In an earlier postcard I wrote about the need for a Passion Plan before embarking on our personal Missions. A well thought-out timeline of milestones that provides a map from now, time 0, to one’s target second-life destination. Koiche had such a plan. He first needed to learn the restaurant business from the bottom up, so took an entry-level job with a Japanese restaurant in Marseille, washing dishes, serving customers, and finally preparing sushi in the kitchen. Hearing about this “career transition,” I imagined his wife’s face when explaining that he was giving up his comfortable, stable engineering position to take a minimum wage job waiting tables.  Come again? He considers the year spent at the Marseille restaurant a painful but necessary internship.

Koiche also needed an understanding of French rules and regulations around restaurant ownership and management, and an idea of the food chain in the food business: where to buy what from whom and under what terms and prices. He got some of this information from his Marseille experience, some from his friend, and much from plain trial and error.

Koiche will tell you that setting up his business was a struggle, he made many mistakes, and was manipulated and taken advantage of more than a few times. He has a good laugh when friends, envious of his success with Naruto, suggest with a certain glib dismissiveness that maybe now they will open their own restaurants as well.
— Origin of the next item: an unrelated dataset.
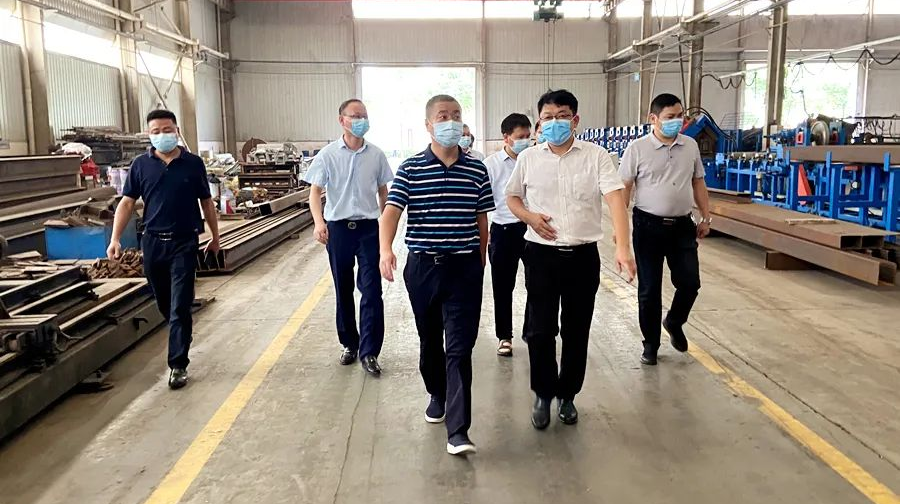 刘爱军实地调研部分经济发展部门及企业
I find Koiche’s story particularly inspiring. He took a daring leap of faith into an unfamiliar sea because he refused to accept a lesser (albeit comfortable) life. I too believe that sometimes we just need to jump. Fear of change and paralysis by analysis often gets in the way of dreams being pursued, much less realized.

This was one hell of a risky move on his part, with a wife and 2 young children under 10 to support.  Koiche insists that his wife was incredibly supportive from day one. The kids? Personally, I think it’s an invaluable life lesson to see one’s parents pursue their dreams, even if they fail, and not just tread water for the comfort of their children. Consider this question: if your own children’s potential and ambitions were compromised by themhaving kids, would you still want them to have kids? Are you paying for their private schools, piano lessons, and college extortion (I mean tuition) so that they can self-limit and underachieve? Do you counsel them to temper expectations about what is possible and prioritize instead around family comfort and well-being? Is this responsible parenting, or bounding their potential? If we don’t want our children to hold back, why do we hold back? This gets to a bigger question that I struggle with: what is our responsibility to our children when it comes to pursuing passions and living to the fullest? I’d love to get comments on this question.

Koiche thought outside the box and made a dogged commitment to his goal. Who amongst us would consider a career move from chemical engineer to restaurant waiter sane? This was the first painful step along his Passion Plan. He realized he needed a better feel for how restaurants operated, and there is no better teacher than experience. Still, the move must have required lots of explaining. We can be swayed by the opinions and advice from friends, family, and coworkers. It’s easy to be worn down by a relentless tide of “what, are you crazy?” and “here’s what you need to do”, particularly when making changes as radical as Koiche’s. In the end, we will be remembered by the actions we took, not by the advice we followed.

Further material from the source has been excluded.